Глава XI ОШИБКИ

А Сен-Гилен, тот в свой черед

На стол швырнул три кости разом.

Взглянул на черта хитрым глазом

И молвил: «Кто ж из нас вперед

Владеть его душою будет?»

Старинная легенда


Чтобы предстать перед королем, Сен-Мару пришлось сесть на коня одного из кавалеристов, раненых в стычке, ибо своего он лишился у подножья крепостной стены. Выход двух отрядов через брешь потребовал довольно много времени, и они все еще шли и шли, когда Сен-Мар почувствовал, что кто-то коснулся его плеча; обернувшись, он увидел старика Граншана, который держал под уздцы прекрасную пегую лошадь.

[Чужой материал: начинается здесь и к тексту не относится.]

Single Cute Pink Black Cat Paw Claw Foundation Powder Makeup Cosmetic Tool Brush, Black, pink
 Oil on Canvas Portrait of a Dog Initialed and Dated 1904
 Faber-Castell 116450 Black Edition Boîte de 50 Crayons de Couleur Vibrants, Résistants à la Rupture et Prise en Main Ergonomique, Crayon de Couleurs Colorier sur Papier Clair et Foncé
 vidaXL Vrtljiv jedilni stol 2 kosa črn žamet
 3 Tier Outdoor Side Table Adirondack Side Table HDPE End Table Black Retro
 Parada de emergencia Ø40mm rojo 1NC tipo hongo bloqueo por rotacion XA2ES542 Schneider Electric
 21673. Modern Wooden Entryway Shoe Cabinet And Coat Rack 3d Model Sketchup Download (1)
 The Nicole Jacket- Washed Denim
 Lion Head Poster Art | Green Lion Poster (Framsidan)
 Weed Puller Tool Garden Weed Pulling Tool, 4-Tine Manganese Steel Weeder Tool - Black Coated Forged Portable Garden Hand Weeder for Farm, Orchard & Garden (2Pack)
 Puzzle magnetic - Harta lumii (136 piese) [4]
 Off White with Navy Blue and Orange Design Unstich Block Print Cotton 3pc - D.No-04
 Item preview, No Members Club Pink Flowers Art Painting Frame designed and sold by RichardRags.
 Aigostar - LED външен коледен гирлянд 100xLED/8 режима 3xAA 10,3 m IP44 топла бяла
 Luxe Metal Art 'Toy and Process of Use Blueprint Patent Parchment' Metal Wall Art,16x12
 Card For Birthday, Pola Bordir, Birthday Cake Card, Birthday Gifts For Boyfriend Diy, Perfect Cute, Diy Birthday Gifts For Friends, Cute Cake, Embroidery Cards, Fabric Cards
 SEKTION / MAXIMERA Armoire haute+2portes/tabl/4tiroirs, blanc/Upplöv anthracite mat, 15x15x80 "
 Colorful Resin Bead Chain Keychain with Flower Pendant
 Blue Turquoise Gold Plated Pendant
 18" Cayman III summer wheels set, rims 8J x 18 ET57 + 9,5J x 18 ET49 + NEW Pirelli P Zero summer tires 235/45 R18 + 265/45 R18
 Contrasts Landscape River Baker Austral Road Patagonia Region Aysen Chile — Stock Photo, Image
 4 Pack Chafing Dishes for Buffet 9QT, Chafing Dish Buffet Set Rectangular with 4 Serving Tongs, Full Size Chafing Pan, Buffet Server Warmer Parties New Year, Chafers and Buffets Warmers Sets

— Соблаговолите, ваше сиятельство, сесть на собственного коня,— сказал он.— Я надел на него седло и бархатный чепрак, расшитый золотом, которые подобрал во рву. Подумать только — ведь их мог захватить какой-нибудь испанец или даже француз: в наши дни развелось немало людей, которые хватают все, что попадется под руку, как свою собственность, да и недаром говорят: «Что с возу упало — то солдату в руки попало». Они могли бы утащить и четыреста золотых экю, которые ваше сиятельство,— не в укор будь сказано,— забыли в седельных кобурах. А пистолеты-то, да еще какие пистолеты! Я их купил давным-давно в Германии, а они все такие же исправные, и спуск работает не хуже, чем в день покупки. Хватит и того, что убили бедного вороного, который был родом из Англии,— это также верно, как то, что я родом из Тура в Турени; зачем же было бросать такие ценные вещи, ведь они могли достаться неприятелю.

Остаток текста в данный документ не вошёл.